In some areas, this will probably mean more food in flood plains. The mosquitoes are going to love this! In turn, birds that eat mosquitoes and spiders will also love this. The landslides will have opened up habitat, which potentially could lead to better grazing for ungulates (deer, elk, goats, and sheep). In a few years, the open habitat from those landslides will provide some great food for bears and moose.

A landslide on 40 Mile Creek hiking trail after flooding last year.

A landslide on 40 Mile Creek hiking trail after flooding last year.

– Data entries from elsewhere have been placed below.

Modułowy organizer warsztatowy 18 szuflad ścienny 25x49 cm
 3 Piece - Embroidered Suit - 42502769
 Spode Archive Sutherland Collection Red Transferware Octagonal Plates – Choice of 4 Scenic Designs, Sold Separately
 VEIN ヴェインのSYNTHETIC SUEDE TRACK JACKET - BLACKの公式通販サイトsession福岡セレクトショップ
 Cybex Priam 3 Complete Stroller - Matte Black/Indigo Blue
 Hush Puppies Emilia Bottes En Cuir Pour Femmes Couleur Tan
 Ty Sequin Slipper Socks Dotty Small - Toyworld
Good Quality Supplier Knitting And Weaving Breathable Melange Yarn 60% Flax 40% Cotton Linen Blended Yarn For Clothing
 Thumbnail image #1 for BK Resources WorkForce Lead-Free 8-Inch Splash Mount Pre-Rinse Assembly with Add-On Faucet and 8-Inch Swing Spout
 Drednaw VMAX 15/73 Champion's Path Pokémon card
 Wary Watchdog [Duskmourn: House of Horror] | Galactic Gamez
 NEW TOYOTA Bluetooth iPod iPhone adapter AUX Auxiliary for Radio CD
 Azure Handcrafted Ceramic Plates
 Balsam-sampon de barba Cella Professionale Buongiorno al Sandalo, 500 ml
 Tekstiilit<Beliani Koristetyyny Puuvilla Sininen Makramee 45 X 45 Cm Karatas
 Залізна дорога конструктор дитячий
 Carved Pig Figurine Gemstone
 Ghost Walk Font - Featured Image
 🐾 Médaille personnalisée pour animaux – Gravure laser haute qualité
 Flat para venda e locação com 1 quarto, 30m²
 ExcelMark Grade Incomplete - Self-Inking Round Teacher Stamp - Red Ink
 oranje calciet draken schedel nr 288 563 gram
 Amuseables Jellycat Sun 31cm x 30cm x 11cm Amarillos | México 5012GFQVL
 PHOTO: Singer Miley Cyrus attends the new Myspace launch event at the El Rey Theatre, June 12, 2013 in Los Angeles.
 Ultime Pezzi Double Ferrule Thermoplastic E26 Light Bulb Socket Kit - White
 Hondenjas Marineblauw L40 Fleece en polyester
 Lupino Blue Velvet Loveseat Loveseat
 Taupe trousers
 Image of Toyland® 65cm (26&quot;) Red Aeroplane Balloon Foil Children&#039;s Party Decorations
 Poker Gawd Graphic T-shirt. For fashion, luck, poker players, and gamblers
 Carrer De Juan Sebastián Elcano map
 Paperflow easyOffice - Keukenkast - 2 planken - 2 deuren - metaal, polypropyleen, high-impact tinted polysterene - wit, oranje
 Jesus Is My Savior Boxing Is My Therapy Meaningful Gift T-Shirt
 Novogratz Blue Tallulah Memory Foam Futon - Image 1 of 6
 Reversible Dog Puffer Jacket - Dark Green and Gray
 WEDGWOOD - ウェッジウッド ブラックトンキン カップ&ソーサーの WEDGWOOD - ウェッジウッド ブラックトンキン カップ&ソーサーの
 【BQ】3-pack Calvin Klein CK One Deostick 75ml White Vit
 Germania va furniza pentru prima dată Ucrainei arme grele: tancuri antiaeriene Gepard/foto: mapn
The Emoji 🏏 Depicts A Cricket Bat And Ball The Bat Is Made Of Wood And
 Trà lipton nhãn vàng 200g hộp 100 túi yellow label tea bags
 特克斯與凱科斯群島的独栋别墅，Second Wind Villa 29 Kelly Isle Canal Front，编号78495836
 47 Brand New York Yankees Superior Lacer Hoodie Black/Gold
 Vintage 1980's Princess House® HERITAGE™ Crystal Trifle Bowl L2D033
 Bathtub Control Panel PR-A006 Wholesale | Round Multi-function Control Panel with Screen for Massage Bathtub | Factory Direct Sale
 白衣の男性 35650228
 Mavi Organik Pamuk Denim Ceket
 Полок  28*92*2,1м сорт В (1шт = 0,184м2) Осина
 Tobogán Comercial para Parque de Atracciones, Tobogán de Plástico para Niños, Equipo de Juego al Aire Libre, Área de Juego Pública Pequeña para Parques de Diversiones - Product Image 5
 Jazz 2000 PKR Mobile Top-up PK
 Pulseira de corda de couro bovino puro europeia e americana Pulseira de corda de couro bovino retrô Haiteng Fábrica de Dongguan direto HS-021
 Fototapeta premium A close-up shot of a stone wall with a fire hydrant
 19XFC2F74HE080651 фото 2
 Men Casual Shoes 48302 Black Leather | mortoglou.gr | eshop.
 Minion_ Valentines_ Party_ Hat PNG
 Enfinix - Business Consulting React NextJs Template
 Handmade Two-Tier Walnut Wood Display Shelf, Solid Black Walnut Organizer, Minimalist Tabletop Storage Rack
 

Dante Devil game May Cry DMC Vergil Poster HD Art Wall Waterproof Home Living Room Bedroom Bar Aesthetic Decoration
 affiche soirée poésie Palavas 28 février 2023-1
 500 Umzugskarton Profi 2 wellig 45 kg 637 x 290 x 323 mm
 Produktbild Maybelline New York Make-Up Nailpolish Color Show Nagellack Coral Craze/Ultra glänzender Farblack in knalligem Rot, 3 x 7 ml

In many areas, this flooding event will make travel through the landscape harder for most animals. Ungulates in particular hate to walk across anything that looks like pick up sticks, so large debris piles can actually inhibit movement for them. Most animals avoid walking through large debris piles because it’s just plain difficult – anyone who has worked in the bush can attest to this. Landslides and flooding may have also made some of the ground unstable and not safe for animals to walk across.

The whole picture

Let’s bring people back into the picture. All of the human activity and infrastructure in a place like the Bow Valley has already impacted wildlife movement patterns and connectivity. Even though the flooding is natural, its impacts are compounded to impacts already existing. Considering wildlife connectivity around our human communities has never been more important.

As we try to figure out how to rebuild and how to get around town with our various broken roads, animal are also trying to rebuild and figure out how to get to their familiar habitat patches too. Just as our highways were washed out, wildlife trails were washed out too. As I stood, staring at the gaping hole in the TransCanada Highway wondering when traffic would be able to get from Calgary to Canmore, a grizzly bear could have been standing at the edge of a familiar trail, looking down on a newly created chasm that used to be a favourite trail, and wondering how to get to her old day-bed site or that sweet feeding patch on the other side of those trees.

A hole in the Trans Canada Highway

A hole in the Trans Canada Highway

And… back to me

It seems funny and selfish to even be thinking about it, but I have been wondering how this flooding will impact my field season and PhD research. At this point, I don’t honestly know. I am sure that many of the trails I planned on sampling have been washed out. I don’t know which ones will be safe to hike. I’ve got many people lined up to volunteer and for that I am grateful. All I can say right now is that once I know more, I’ll post more.

Good luck to everyone as we move forward with rebuilding our homes and communities. Find happiness in little things like blooming flowers, and time spent with family and friends.

Diggers are working around the clock to rebuild our town. They are doing amazing work!

Diggers are working around the clock to rebuild our town. They are doing amazing work!